▶ **INPUT DATA**
■ ■ ■ ■
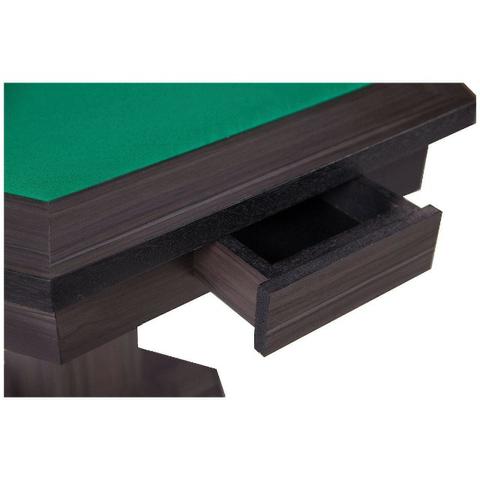 Mesa Carteado Poker Sextavada C/ 2 Gavetas Em Mdf Revestida - Foto 2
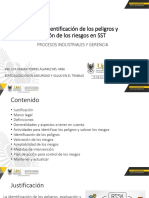 Identificación de peligros y valoración de riesgos en procesos industriales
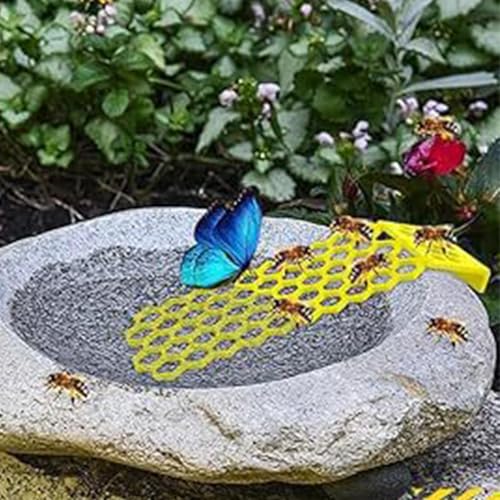Bee Waterer Ladder,Beehive-Shaped Butterfly Watering Feeder,Bee Hydration Station | for Pool Courtyard Garden Pond Patio Lawn Porch Pathway Balcony - color: Yellow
■ ■ ■ ■
As you output the material, omit the pictures but alter nothing else.

 Mesa Carteado Poker Sextavada C/ 2 Gavetas Em Mdf Revestida - Foto 2
 Identificación de peligros y valoración de riesgos en procesos industriales
Bee Waterer Ladder,Beehive-Shaped Butterfly Watering Feeder,Bee Hydration Station | for Pool Courtyard Garden Pond Patio Lawn Porch Pathway Balcony - color: Yellow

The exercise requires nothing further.